4月施行の改正建築基準法は、環境への配慮や建物の構造的安全性確保などを目的とし、あわせて既存建築物の活用を一層促進することを目指している。主要変更点としては「4号特例の縮小」「全建築物での省エネ基準の適合義務化」「構造安全性関連の変更」「既存建築物への遡及適用に係る対応」がある。
これまで木造2階建て以下かつ延べ面積500m2以上の住宅では、4号特例として建築基準法で定められた構造計算審査などが省略できたが、改正後は木造2階建て住宅や延べ面積200m2超の木造平屋建てが新2号建築物となり、全地域での建築確認・検査が必要な審査省略制度の対象外になる。建築物の大規模修繕や模様替えでは、建築確認手続きが求められる。
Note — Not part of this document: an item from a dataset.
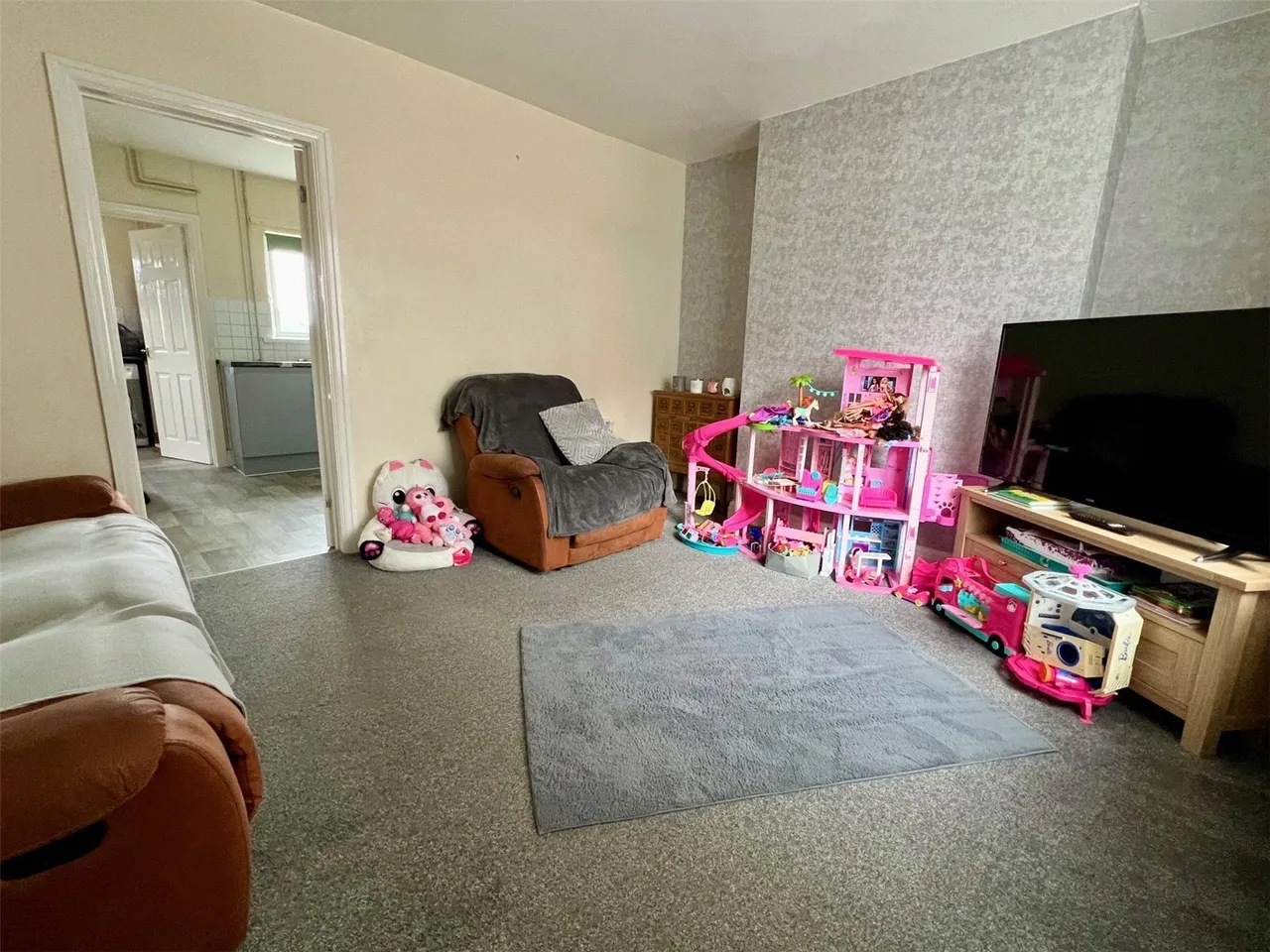 Precelly Place, Milford Haven, SA73, photo 4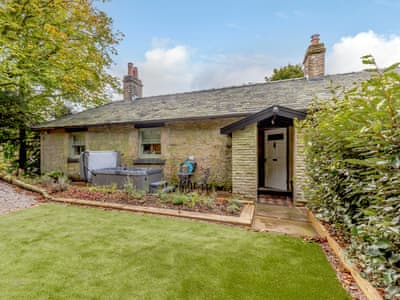 Exterior | Pheasant Cottage - Moore Care Cottages, Buxton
建築確認申請では、対象建築物の基準適合状況などを調査の上、改修後の建築物を基準に適合するよう改修計画を立てる必要がある。
既存建築物の現況調査ガイドラインは、改修時に対象としない既存部分の法令規定への適合性確認が難しく、既存住宅ストックの有効活用の障壁となっていることも受けて策定された。
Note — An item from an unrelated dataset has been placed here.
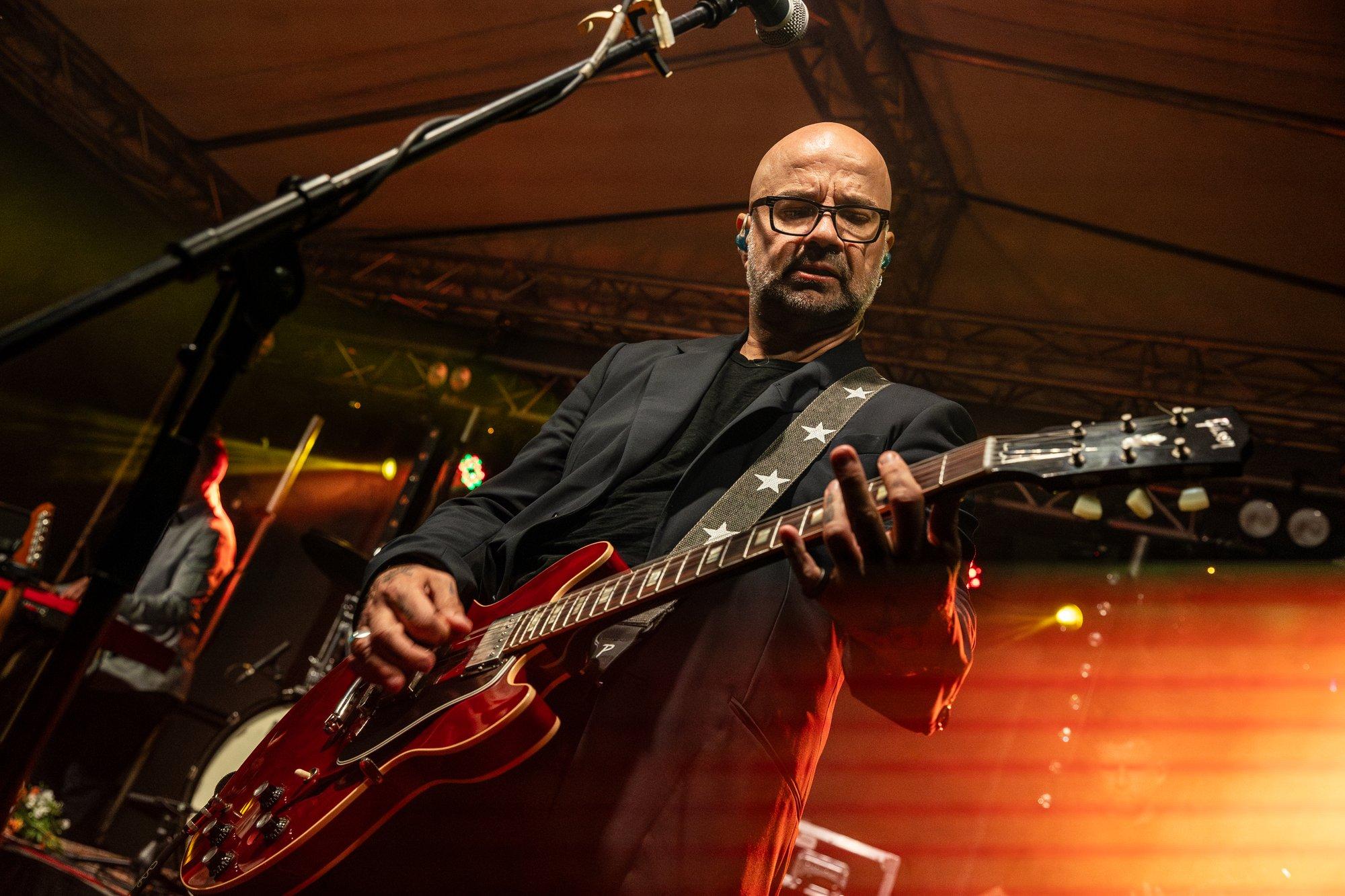 Mihkel Raud teeb üle tüki aja kaasa teatrilavastuses: keegi teine pole minu rolli varem mänginud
建築士はまず対象建築物について、直近建築工事の検査済証公布の有無を調べ、有れば簡易な現地調査を、なければ直近の建築工事などの着手時点特定を行う。
この結果に応じ、現地調査として現行規定への適合状況や、直近建築工事着手時の規定への適合状況を調査、調査報告書を作成する。それをもとに改修計画を立て、適合状況が不適合または不明の規定は現行規定への適合を図るものとし、適合状況が既存不適格ならば既存建築物の緩和を適用して対応する。
緩和措置は、既存不適格規定について、原則、大規模修繕や模様替え時に現行規定に適合させることとするが、建築主の負担が過大になることもあるため、一定の条件を満たせば引き続き既存不適格とできるようにするとして講じられた。
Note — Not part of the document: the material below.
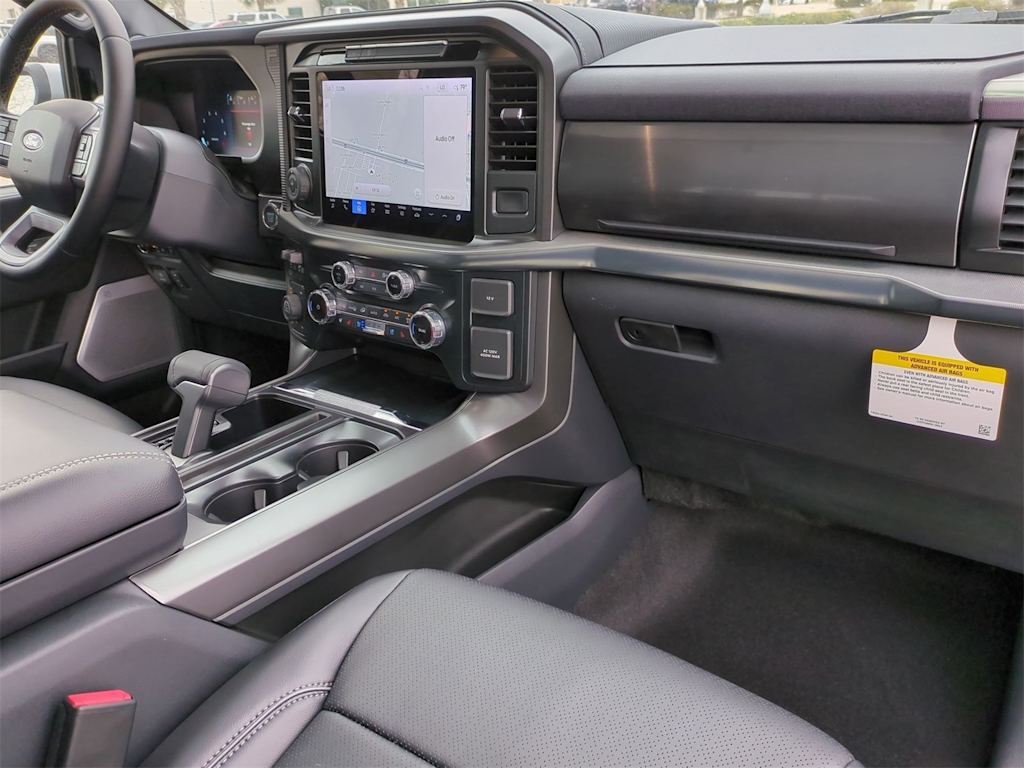 2025 Ford F-150 Lariat 13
適用できるのは、改修部分と既存部分を分けられる場合や増改築部分が小規模な場合など。条件を満たせば、容積率や建ぺい率、高さ、壁面後退が既存不適格のままでよくなるほか、構造耐力面も、危険性増大がない限り不適格で認められる。道路内建築制限も、周囲環境を悪化させるような建築物の形態変更を伴わず、特定行政庁が通行・安全・衛生上支障なしと認めた場合、既存不適格のままでよくなる。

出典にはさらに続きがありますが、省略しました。